Bishop Anthony B. Taylor issued the following letter to the people of the Diocese of Little Rock April 30 to address further changes to his March 12 and April 15 mandates suspending all public Masses and nonessential events during the COVID-19 pandemic.
“In my last message of April 15, based on the insistence of our public health officials that physical separation needs to continue to be maintained for the time being, I extended our present suspension of activities (and the corresponding dispensation of the Sunday obligation) to May 18. At that time I also indicated that on April 30 I would make a further determination regarding the remainder of the month of May, including whether an earlier opening date might also be possible if things have changed for the better between now and then.
“Since then, much has happened. While COVID-19 continues to be a threat that will not end until a vaccine is found or herd immunity takes effect, and while far too many people continue to get sick and die, our voluntary restriction of activities has had the desired effect of ‘flattening the curve’ and thus avoiding a disastrous spike in infections that would otherwise have overwhelmed our health care system. Apart from a miracle, this was the best that could be hoped for.
“For that reason, Gov. Hutchinson is now taking steps to reopen the local economy and plans to make a recommendation on May 4 regarding the possible resumption of public worship in the churches of Arkansas, and under what conditions this could occur.
‘Earlier today our Presbyteral Council had an extensive discussion regarding the conditions under which the public celebration of the Mass can be resumed in Arkansas and it is clear that the approach to be taken will need to be adapted to the specific circumstances and needs of the individual parishes -- this will not be a one-size-fits-all process.
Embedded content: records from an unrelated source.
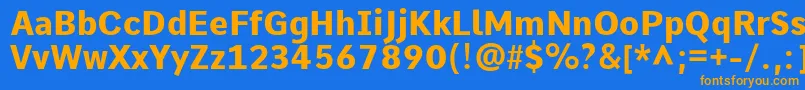 Czcionka CommeExtrabold – pomarańczowe czcionki na niebieskim tle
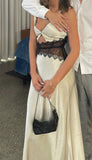 Ivory Sheath Lace Spaghetti Straps Long Evening Prom Dress, HZ0307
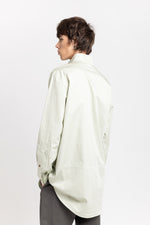 Pale sage sateen cotton poplin long shirt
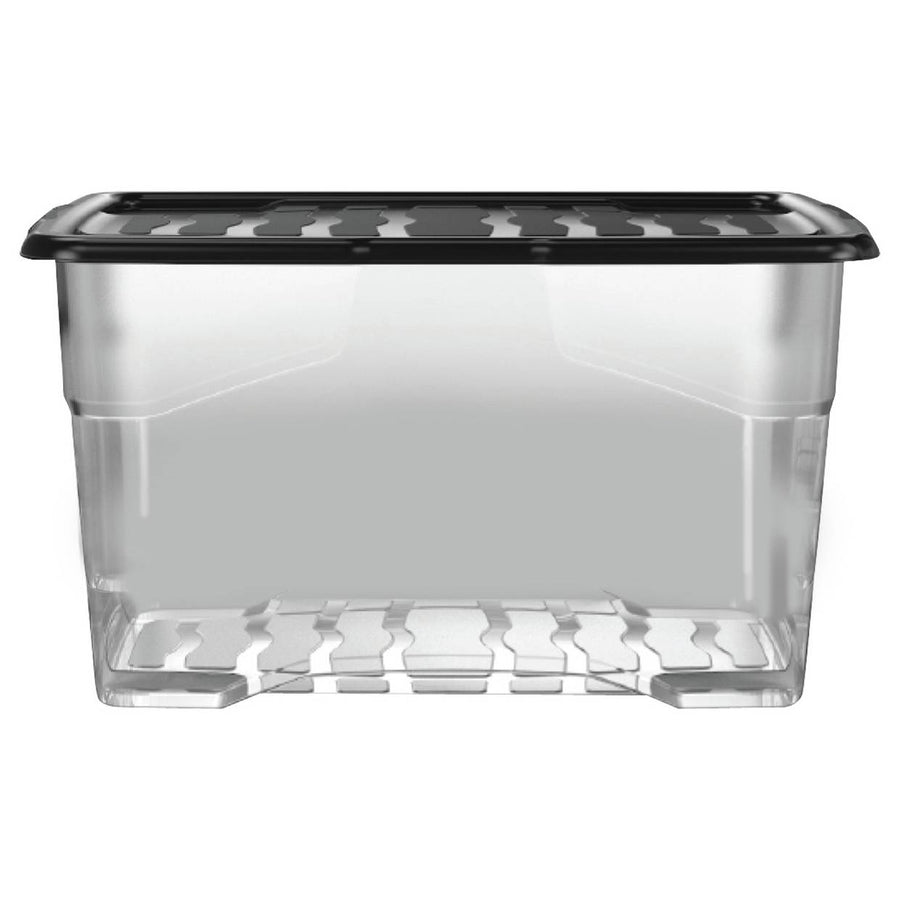 Strata Curve 3 x 80L Plastic Storage Boxes with Lid - Clear
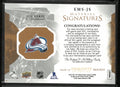2016-17 Upper Deck Exquisite Material Signatures Joe Sakic Patch Autograph /49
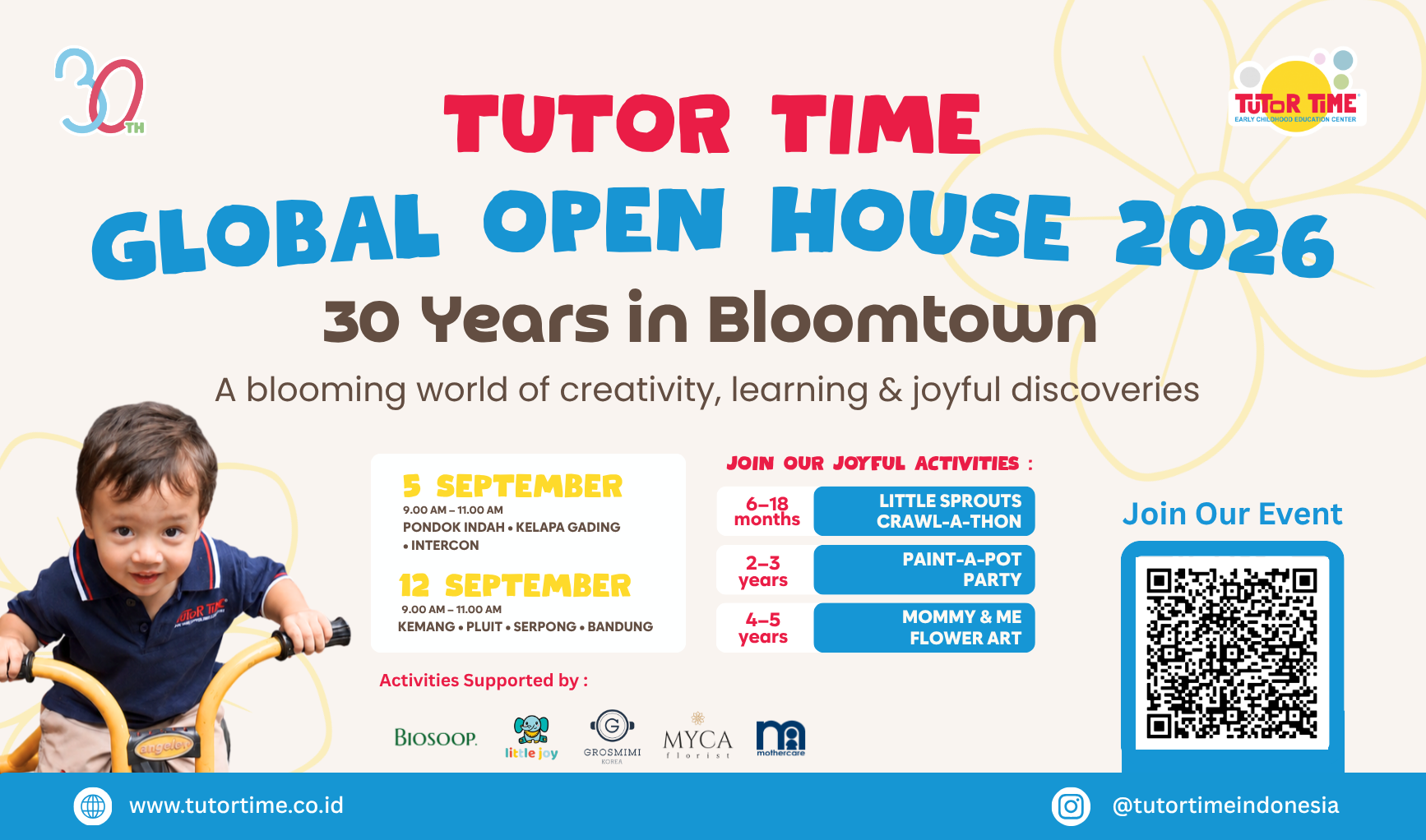 Tutor Time Global Open House 2026 — 5 September, Pondok Indah, Kelapa Gading & Intercon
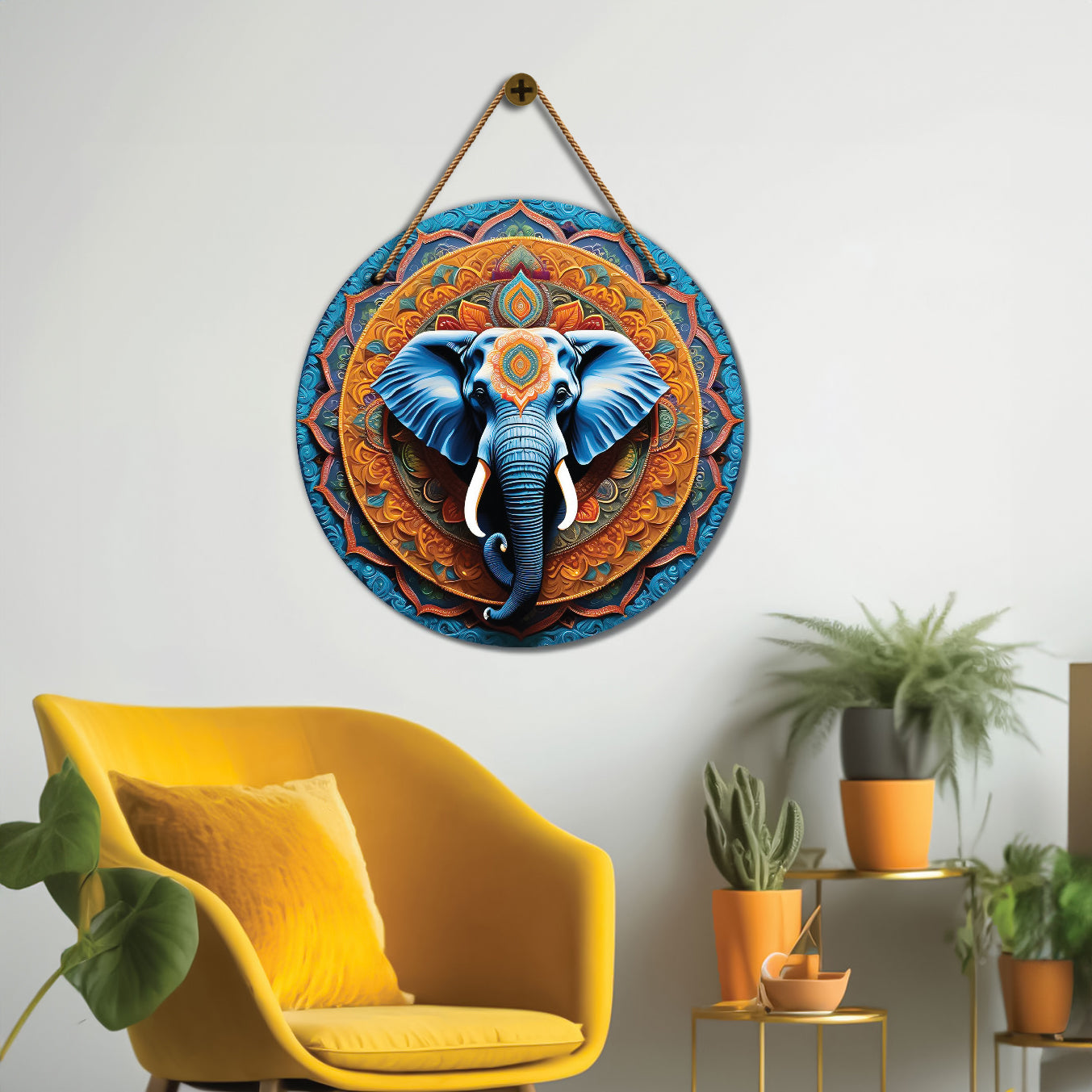 Elephant in orange and blue mandala Round Wooden Wall Hanging for wall Décor - Design - 04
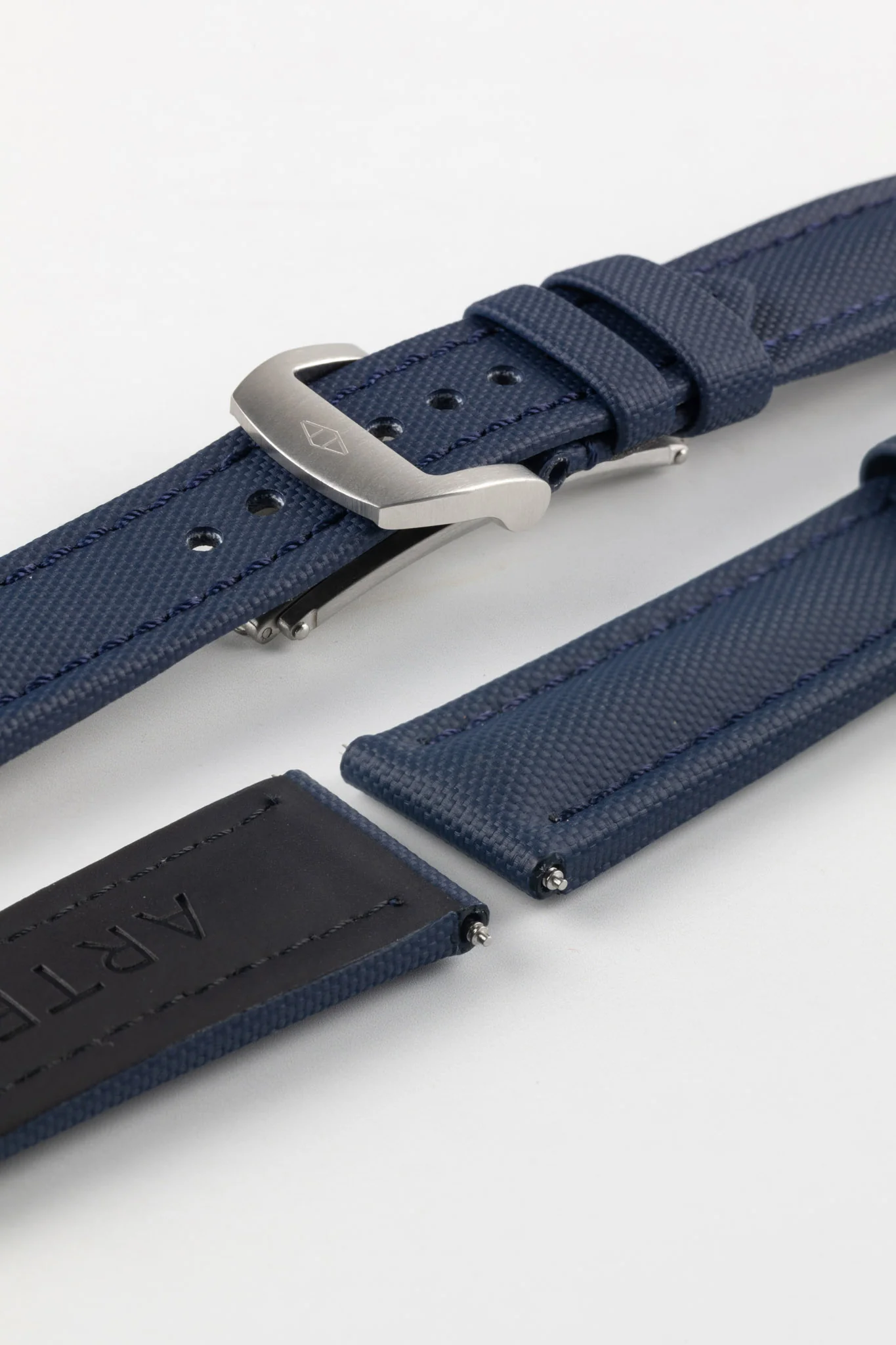 Artem Straps Classic Navy Blue Sailcloth Watch Strap with Navy Blue Stitching - Image 10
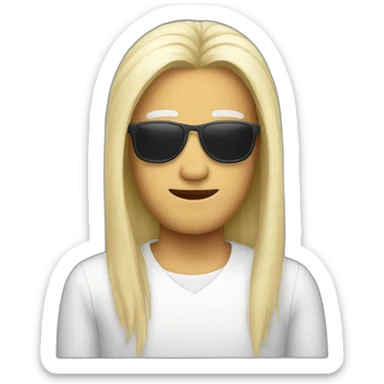 A guy with long white hear and sunglasses  sticker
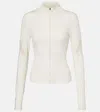 Adidas By Stella Mccartney High-collar Activewear Top With Thumb Cutouts In White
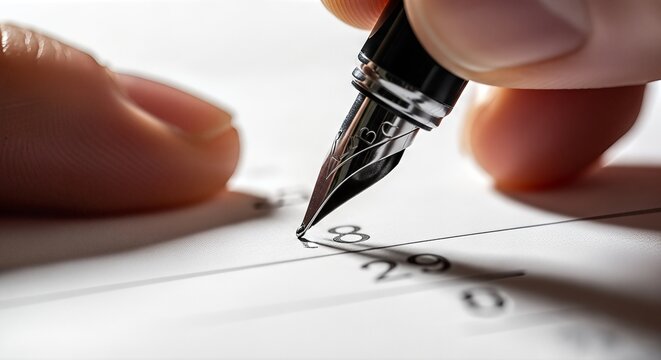 Close-up of a person's hand meticulously writing a date on a planner or calendar with a sophisticated fountain pen. The focus is sharp on the nib and the numbers, conveying precision and planning.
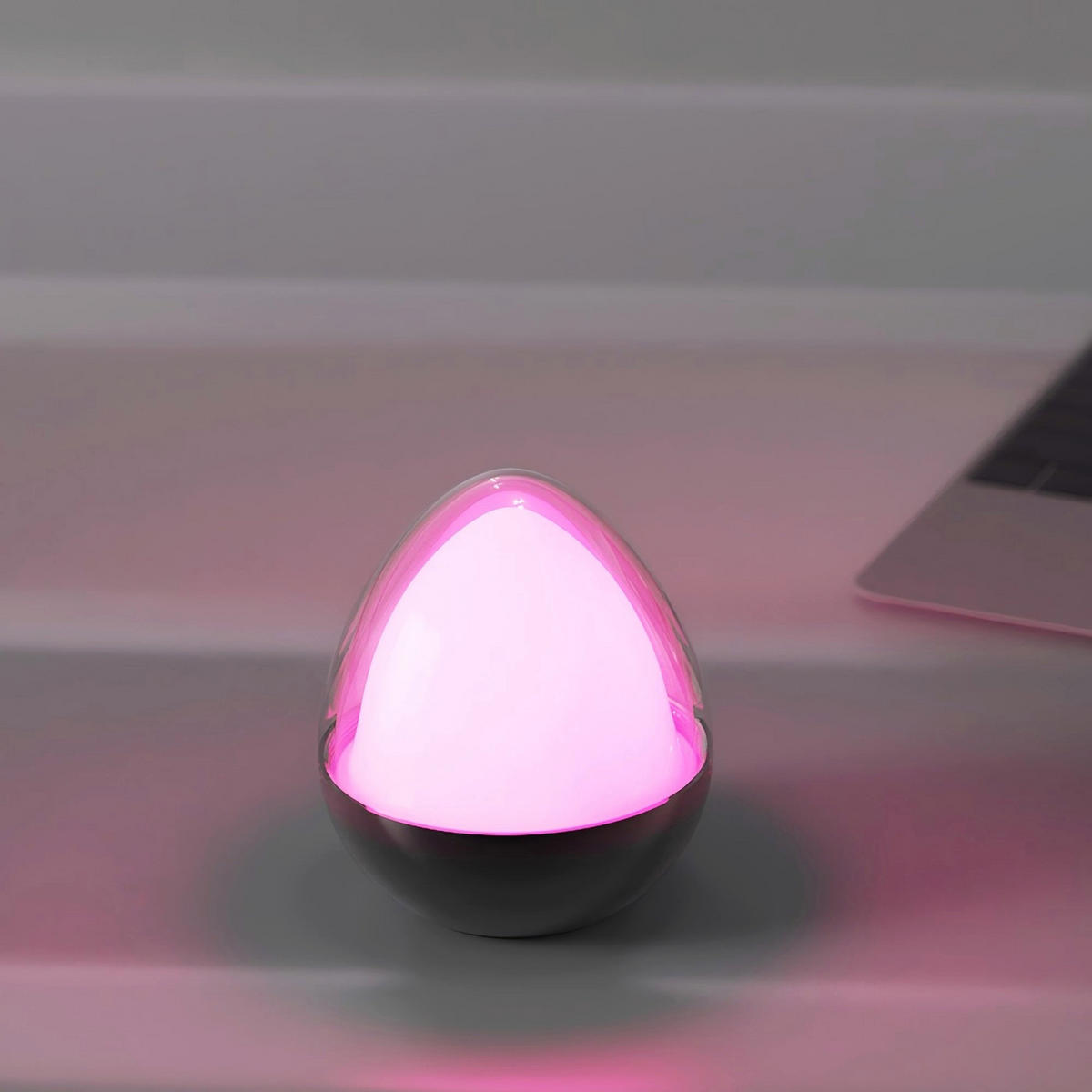 KABELLOSE Tischleuchte OVIE RGB H12cm - Schwarz, Metall (10/10/11.6cm) - Lumisky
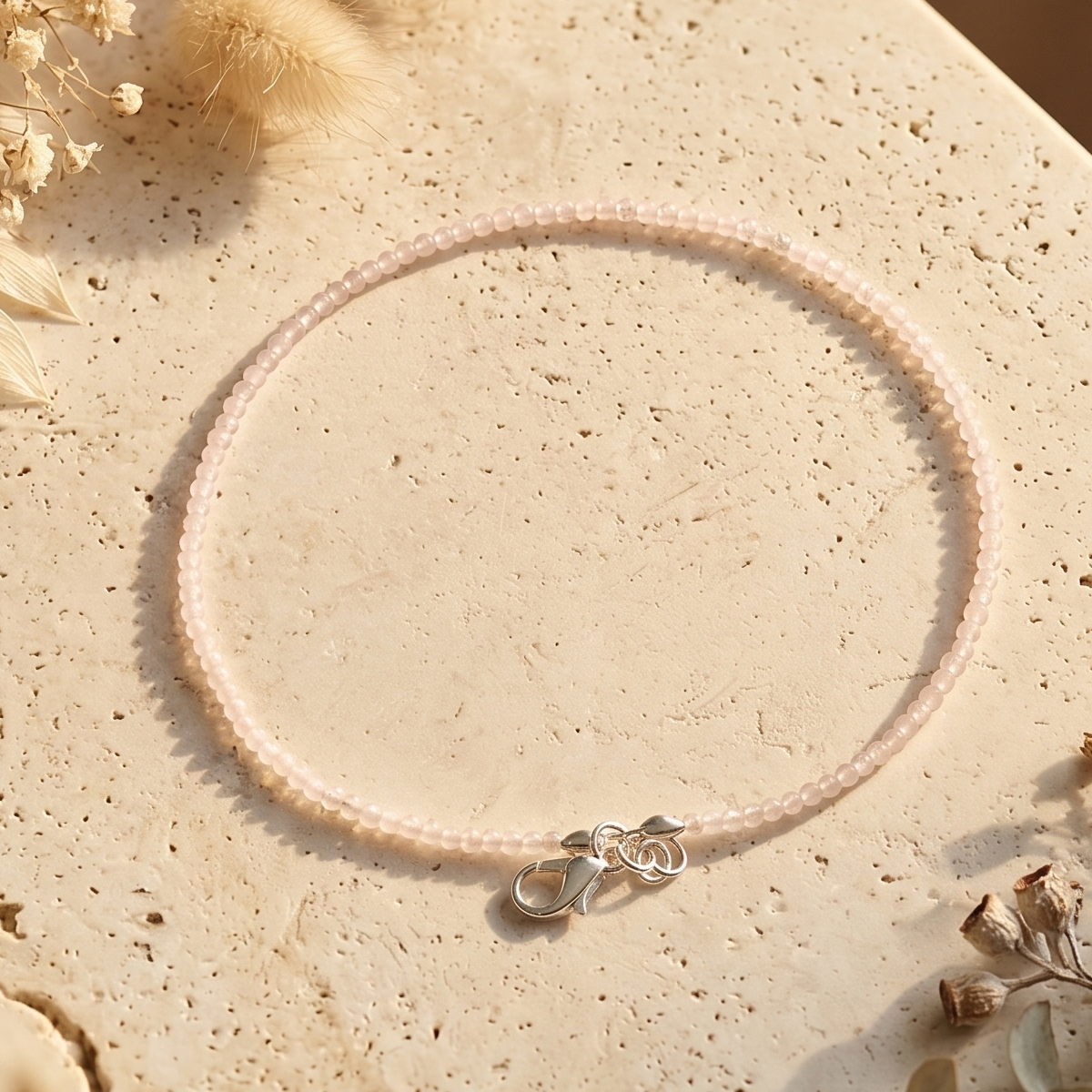 Rose Quartz faceted anklet 2mm-Shubhanjali Store (5) rose quartz faceted anklet 2 mm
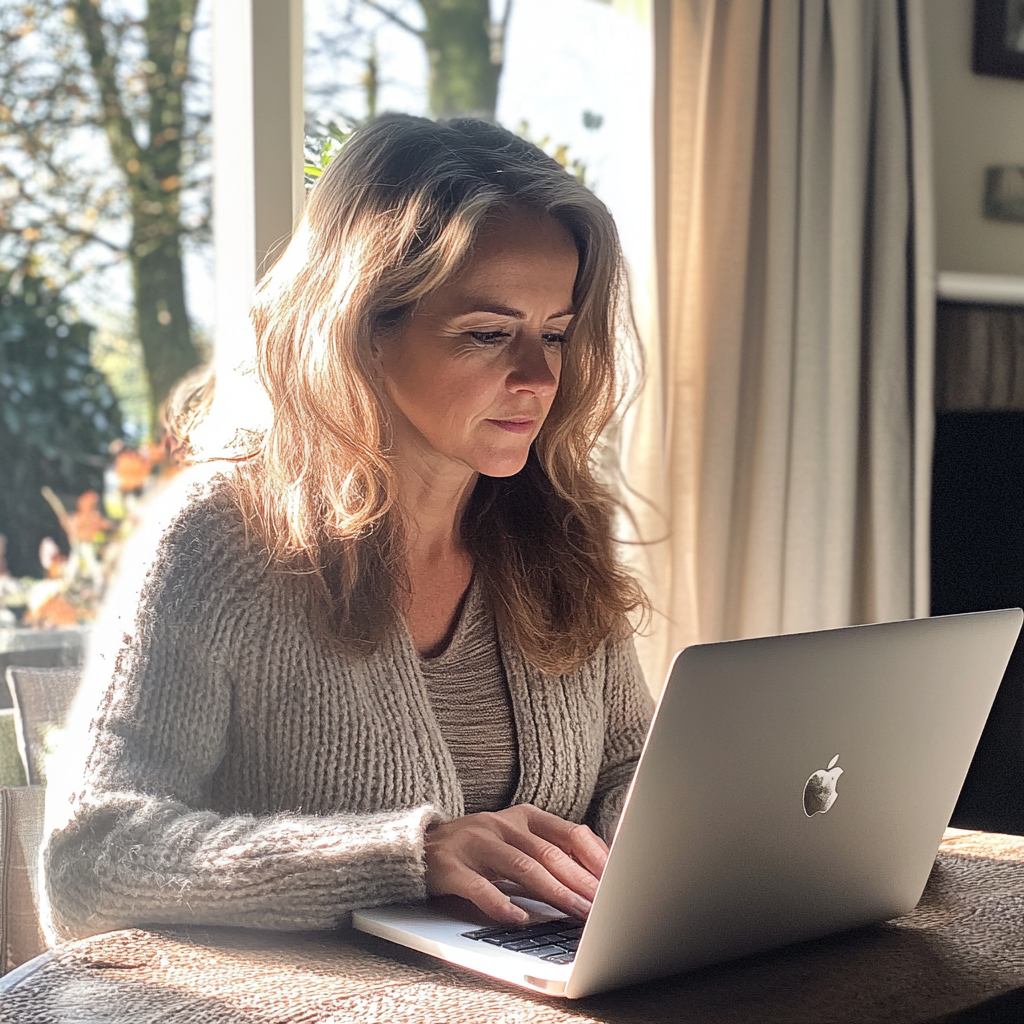 A woman using her laptop | Source: Midjourney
My plan is to wait to hear what our Diocesan Pastoral Council has to say in their meeting tomorrow and what Gov. Hutchinson has to say on May 4. Then on May 6, taking all this into consideration, address the topic of the resumption of public Mass in Arkansas.
“In the meantime, let us continue to pray for those who are ill and those who have died, for those searching for a cure and for medical caregivers who risk their own health to care for others, for those who are faced with unexpected financial difficulties and for those who due to age or underlying medical problems know themselves to be especially vulnerable.”